For each line of the data below that contains "problem", return that line.

**Exercise data:**
--

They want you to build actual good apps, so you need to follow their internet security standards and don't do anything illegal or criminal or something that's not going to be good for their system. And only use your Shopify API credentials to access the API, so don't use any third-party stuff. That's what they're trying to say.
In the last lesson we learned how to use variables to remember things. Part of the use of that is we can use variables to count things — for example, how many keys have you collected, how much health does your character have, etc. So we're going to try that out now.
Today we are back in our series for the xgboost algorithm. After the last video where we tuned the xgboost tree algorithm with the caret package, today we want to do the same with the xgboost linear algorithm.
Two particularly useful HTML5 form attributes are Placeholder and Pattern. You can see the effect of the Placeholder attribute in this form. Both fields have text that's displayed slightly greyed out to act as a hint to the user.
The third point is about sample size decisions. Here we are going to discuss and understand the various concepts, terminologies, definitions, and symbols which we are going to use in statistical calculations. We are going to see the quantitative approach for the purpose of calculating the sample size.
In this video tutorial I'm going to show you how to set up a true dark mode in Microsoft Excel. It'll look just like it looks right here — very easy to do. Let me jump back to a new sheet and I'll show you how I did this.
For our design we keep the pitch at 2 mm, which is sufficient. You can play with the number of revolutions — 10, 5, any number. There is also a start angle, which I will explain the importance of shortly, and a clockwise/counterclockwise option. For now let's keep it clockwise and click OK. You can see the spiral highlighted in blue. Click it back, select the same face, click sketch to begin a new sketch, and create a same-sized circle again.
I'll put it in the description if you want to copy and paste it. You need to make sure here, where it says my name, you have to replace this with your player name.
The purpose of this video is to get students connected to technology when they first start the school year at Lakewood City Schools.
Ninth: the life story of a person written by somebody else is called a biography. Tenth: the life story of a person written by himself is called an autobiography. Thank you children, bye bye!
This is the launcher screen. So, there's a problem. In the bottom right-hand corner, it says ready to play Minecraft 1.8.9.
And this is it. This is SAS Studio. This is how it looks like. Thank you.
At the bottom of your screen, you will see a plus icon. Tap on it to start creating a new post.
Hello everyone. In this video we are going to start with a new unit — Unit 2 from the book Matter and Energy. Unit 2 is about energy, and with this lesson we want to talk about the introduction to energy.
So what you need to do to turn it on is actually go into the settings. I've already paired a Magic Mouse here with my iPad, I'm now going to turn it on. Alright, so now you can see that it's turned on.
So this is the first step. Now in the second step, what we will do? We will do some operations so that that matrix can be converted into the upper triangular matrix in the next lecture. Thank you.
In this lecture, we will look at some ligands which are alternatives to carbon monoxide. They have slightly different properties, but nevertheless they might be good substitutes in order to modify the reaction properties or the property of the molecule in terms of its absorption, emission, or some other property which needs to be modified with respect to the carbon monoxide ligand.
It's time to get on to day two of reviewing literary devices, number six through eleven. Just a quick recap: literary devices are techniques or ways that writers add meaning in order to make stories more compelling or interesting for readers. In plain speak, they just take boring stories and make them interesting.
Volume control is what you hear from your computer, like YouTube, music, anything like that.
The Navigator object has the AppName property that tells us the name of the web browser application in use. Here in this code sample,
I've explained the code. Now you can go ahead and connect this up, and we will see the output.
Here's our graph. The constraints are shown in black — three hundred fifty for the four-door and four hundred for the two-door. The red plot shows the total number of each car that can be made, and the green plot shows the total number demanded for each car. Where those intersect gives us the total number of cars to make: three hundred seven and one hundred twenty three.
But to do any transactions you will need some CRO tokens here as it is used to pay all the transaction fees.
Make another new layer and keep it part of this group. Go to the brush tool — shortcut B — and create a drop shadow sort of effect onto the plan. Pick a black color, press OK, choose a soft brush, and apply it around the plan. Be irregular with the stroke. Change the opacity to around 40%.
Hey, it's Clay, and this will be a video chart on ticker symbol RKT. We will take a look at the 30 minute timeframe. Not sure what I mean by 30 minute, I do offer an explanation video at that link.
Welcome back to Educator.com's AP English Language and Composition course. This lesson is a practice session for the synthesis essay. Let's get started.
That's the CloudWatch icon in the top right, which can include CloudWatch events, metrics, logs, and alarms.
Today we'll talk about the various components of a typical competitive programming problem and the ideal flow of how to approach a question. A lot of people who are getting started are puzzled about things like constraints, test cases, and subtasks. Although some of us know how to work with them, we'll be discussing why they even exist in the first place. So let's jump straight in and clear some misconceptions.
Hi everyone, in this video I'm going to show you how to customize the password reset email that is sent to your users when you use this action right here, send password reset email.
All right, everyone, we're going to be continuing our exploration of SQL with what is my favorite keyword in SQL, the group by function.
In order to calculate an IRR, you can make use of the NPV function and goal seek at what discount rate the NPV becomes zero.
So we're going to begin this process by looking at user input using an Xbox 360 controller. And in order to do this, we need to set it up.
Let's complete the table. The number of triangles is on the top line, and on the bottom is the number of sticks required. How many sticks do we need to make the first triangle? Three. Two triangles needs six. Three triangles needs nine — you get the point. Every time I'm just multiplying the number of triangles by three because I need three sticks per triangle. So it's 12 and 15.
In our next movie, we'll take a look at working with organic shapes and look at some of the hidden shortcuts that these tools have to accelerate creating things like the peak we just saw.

--

**Answer box:**
This is the launcher screen. So, there's a problem. In the bottom right-hand corner, it says ready to play Minecraft 1.8.9.
Today we'll talk about the various components of a typical competitive programming problem and the ideal flow of how to approach a question. A lot of people who are getting started are puzzled about things like constraints, test cases, and subtasks. Although some of us know how to work with them, we'll be discussing why they even exist in the first place. So let's jump straight in and clear some misconceptions.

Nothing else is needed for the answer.